1. Define Your Requirements
Before looking at architectures, document your technical constraints. You need to identify:
- Throughput: How much data are you moving?
- Data Gravity: Where does your data live?
- Boundaries: What are your security or isolation requirements?
- SLAs: What are your uptime and performance requirements?
For details, see Choosing an Architecture.
2. Choose a Topology Baseline
Select the fundamental structure for your deployment. This defines where the Leader is placed and how Worker Groups are organized.
Before diving into the CVA Decision Tree familiarize yourself with the three primary baselines:
- Single-Instance: The Leader and Worker processes run on a single Node.
- Distributed (Single Worker Group): A dedicated Leader manages a single cluster of Worker Nodes.
- Distributed (Multi-Worker Group): A central Leader manages multiple Worker Groups.
For details, see Choose Your Foundation (Topology).
3. Add Optional Overlays
Layer on Organize Your Workloads (Overlays) to meet specific functional needs. Common overlays include:
- High Availability (HA): Adding redundancy for the Leader.
- Security: Enforcing mutual TLS (mTLS) across the system.
- Data Integrity: Enabling persistent queues for critical streams.
- Compliance and governance: Regulations like GDPR may require regional isolation to ensure PII never leaves a specific geographic boundary.

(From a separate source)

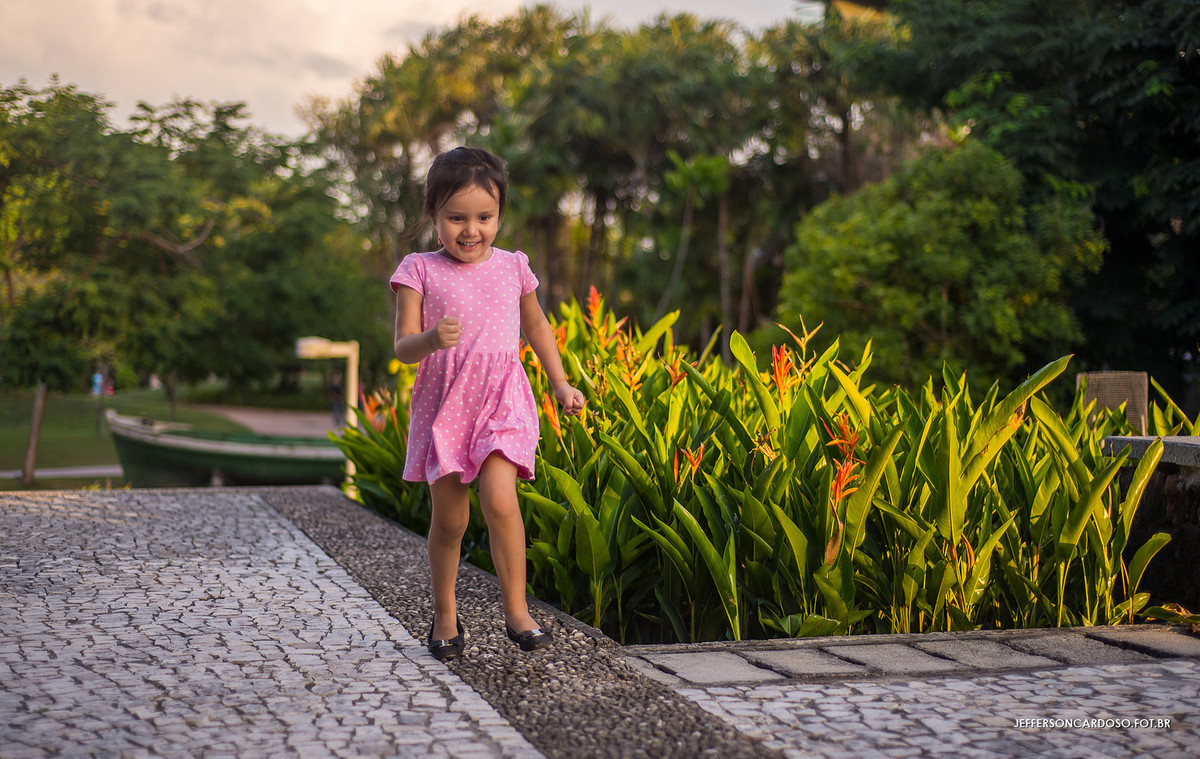 criança correndo sendo feliz fotos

4. Verify with the CVA Matrix
Once you have identified your Topology and Overlays, use the CVA Matrix to move from a conceptual design to a technical reality. The Matrix serves as a referencethat identifies configurations Cribl has tested and documented for standard use cases. Using these patterns helps align your deployment with verified configurations.

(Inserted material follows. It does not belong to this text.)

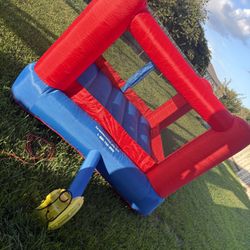 Bouncy House 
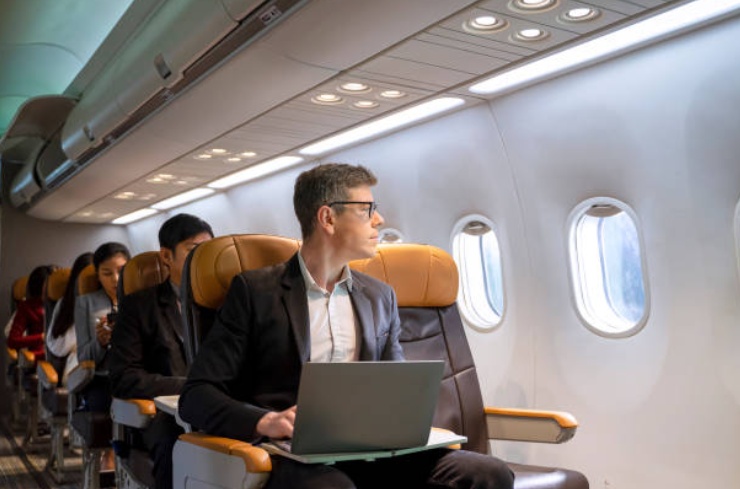 Dicas certeiras para economizar na compra de passagem de avião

The matrix ensures you account for:
- Scale: Total event volume and connection counts.
- Component Placement: Cloud-hosted vs. on-prem management.
- Sizing: How to partition your Worker Groups and Fleets effectively.

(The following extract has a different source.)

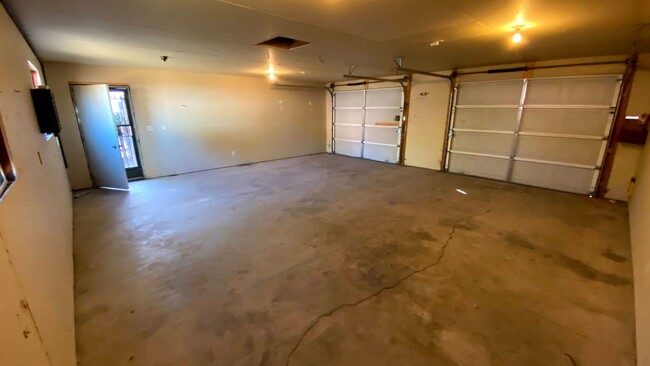 Building Photo - 3 Bedroom 1.5 Bath House Large 2 Car Detac...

Optionally, review the CVA Design Guide to understand the relationships between topologies, overlays, and CVA.
The CVA Matrix is a guide based on standardized testing. Because every data environment has unique variables–such as Pipeline complexity, data cardinality, and network latency, you should use these specifications as a starting point for your own environment-specific testing and optimization.
5. Apply Operational Guardrails
Finally, consult the CVA Operational Guardrails. These are the rules for your selected pattern, such as specific load balancer configurations or management strategies, that keep the environment stable.
This process enables you to identify the deployment archetype that fits your environment, workload size, and governance requirements.